Pourtant, parmi nos activités, certains éléments sont indiscutablement transgénérationnels. Les leçons que nous ont transmises les déportés sont profondément humanistes et véhiculent des messages à vocation universelle. Face à la résurgence des racismes et la montée de l’extrême droite au sein de nos sociétés européennes, ces messages sont plus que jamais porteurs de sens. Nous sommes des militants antinazis, antifascistes, antitotalitaires, mais nous devons refonder en permanence nos positionnements sur la catastrophe, jusqu’à présent sans égal, que furent les camps de concentration nazis. Au-delà de notre bonne conscience individuelle, pouvons-nous mettre en œuvre une capacité collective de résistance ? Et qui est légitime à parler et peut aujourd’hui être entendu ? Comment redonner place à la pensée argumentée à l’époque des réseaux sociaux, où l’opinion est délivrée de manière pulsionnelle et instantanée ? Nous sommes porteurs de convictions, et même de certitudes, alors comment pouvons-nous les vivifier en actes ?
Il est évident que la tâche ne sera pas aisée, mais comme le conclut si bien Daniel Simon avant de laisser la parole à l’assemblée, « si nous pensions que la partie est perdue, nous ne serions pas réunis dans cette salle. »
Après cette introduction de Daniel Simon, ce fut au tour d’Olivier Lalieu (Amicale de Buchenwald-Dora) de prendre le micro afin de distribuer la parole aux membres du public, qui étaient très nombreux à vouloir se faire entendre. Certains se sont montrés pessimistes quant à notre avenir et au passage de relais aux troisièmes générations, notamment en évoquant le désintérêt croissant de l’Éducation nationale et des élèves pour l’histoire des camps ; d’autres au contraire ont relaté des actions concrètes menées avec succès auprès des jeunes, pour qui l’éloignement temporel avec la Seconde Guerre mondial n’est pas un obstacle dès lors qu’on leur démontre la pertinence avec le présent.

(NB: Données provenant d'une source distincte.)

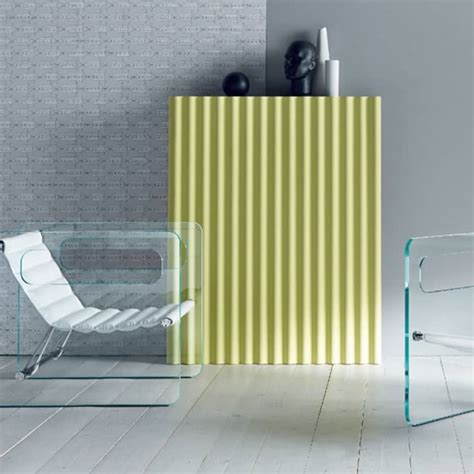 Naked Armchair Fiifaa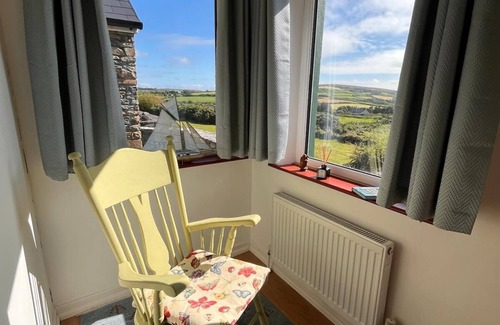 Ardnatrush Cottage | SKYFALL Lodge & Cottage on the Wild Atlantic Way in Ireland's beautiful West Cork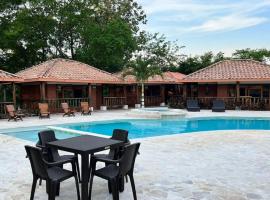 Hotel Tekal del Rio，位于Puerto Boyacá的酒店
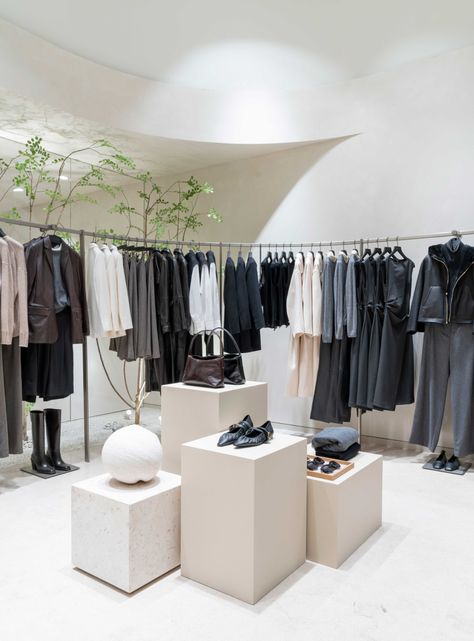 Paper | Massimo Dutti Brussels Opening Marni Store Interior, Bottega Veneta Store Interior, Massimo Dutti Window Display, Massimo Dutti 2022, Massimo Dutti Women 2022, Business Branding Inspiration, Visual Merchandising Displays, Store Interiors, Merchandising Displays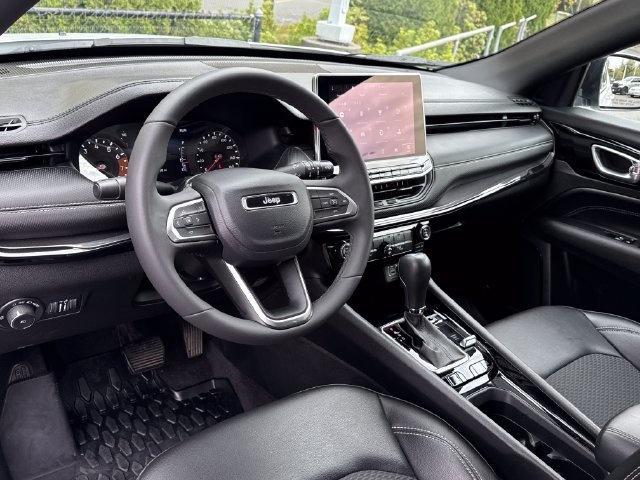 Used 2023 Jeep Compass Latitude AWD/4WD image 15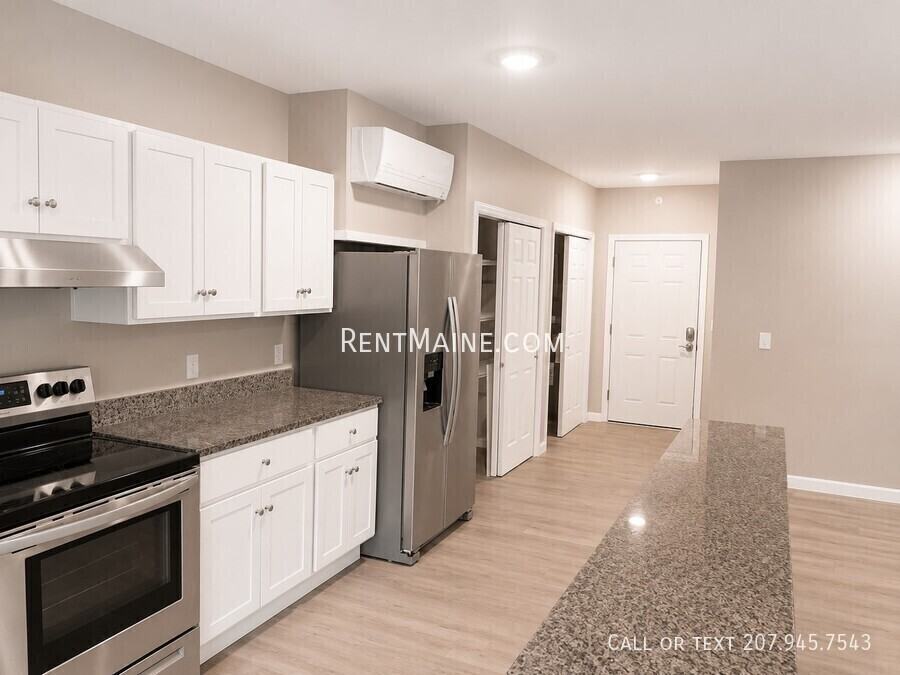 8 Jefferson Way #3A - Photo 2 of 22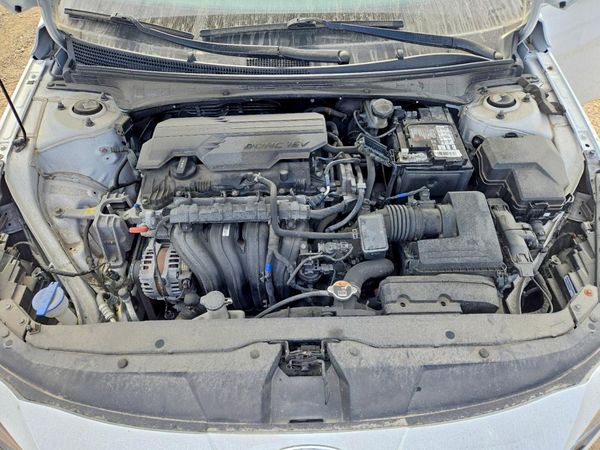 2022 HYUNDAI ELANTRA SEL w/ Premium Pkg — Engine bay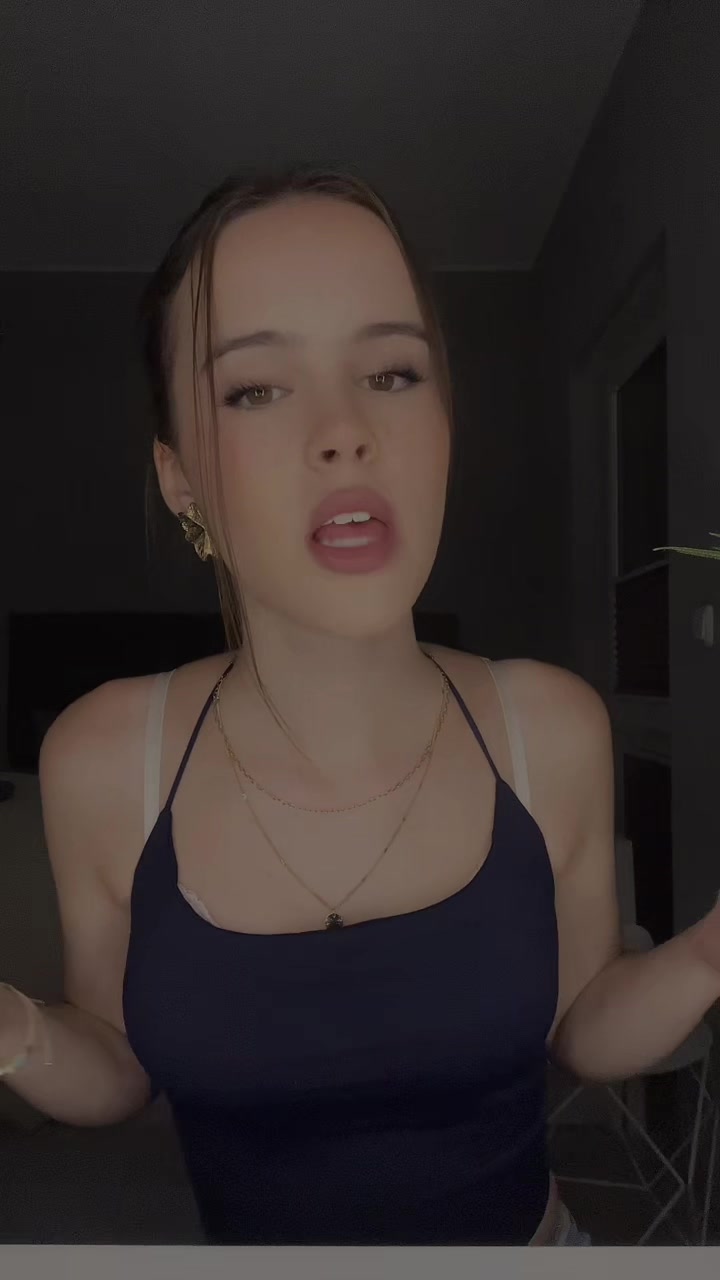 @Emma ᥫ᭡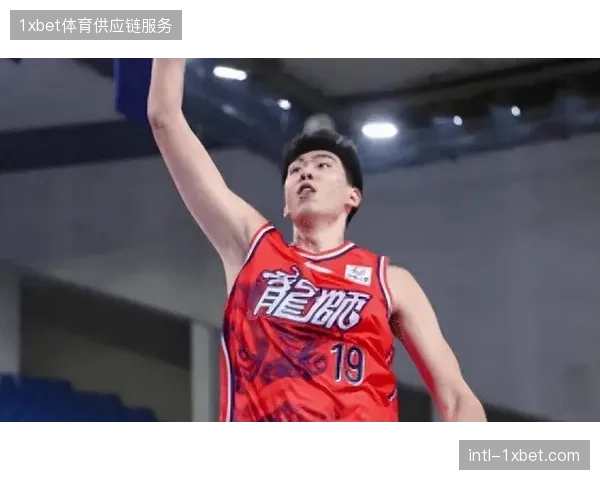广州队中锋徐昕数据全面提升，从角色球员蜕变为高效内线核心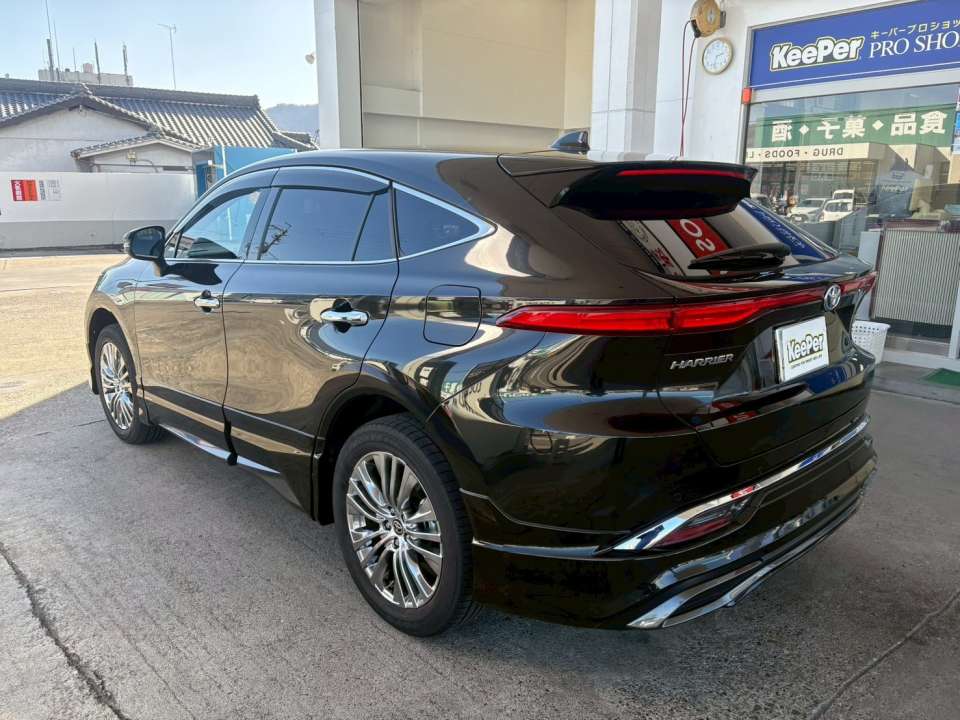 リアからの角度でも、 ボディラインに沿ったくっきりした反射が確認できます。 ダイヤⅡプレミアム特有の艶感が、 車全体の印象を引き締めています。 長くきれいに乗りたい方に選ばれる理由が分かる仕上がりです。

Arrivés au terme de notre colloque, les mains étaient encore nombreuses à se lever pour solliciter la parole. Mais il était temps de conclure. Bien que satisfait de l’enthousiasme de l’assemblée, Daniel Simon a néanmoins déploré le fait que les diverses interventions se trouvaient pour la plupart « en amont de son préambule » et que les questions qu’il avait posées n’avaient pas véritablement été abordées. Mais il s’agissait ici d’un premier colloque sur le thème qui nous préoccupe et, selon lui, il était probablement nécessaire d’évoquer des situations personnelles pour finalement nous diriger, lors de prochains colloques, vers le champ du traumatisme philosophique et culturel que furent les camps de concentration dans nos sociétés, et au niveau duquel doit se situer notre champ d’actions. Persuadé que la tragédie portée par nos Amicales est sans équivalent, il s’est dit convaincu que les drames suivants n’invisibilisent pas un tel traumatisme. Pour véritablement aborder les questions qui nous préoccupent, il sera donc nécessaire de proposer de nouveaux colloques sur le thème, et probablement de les structurer davantage.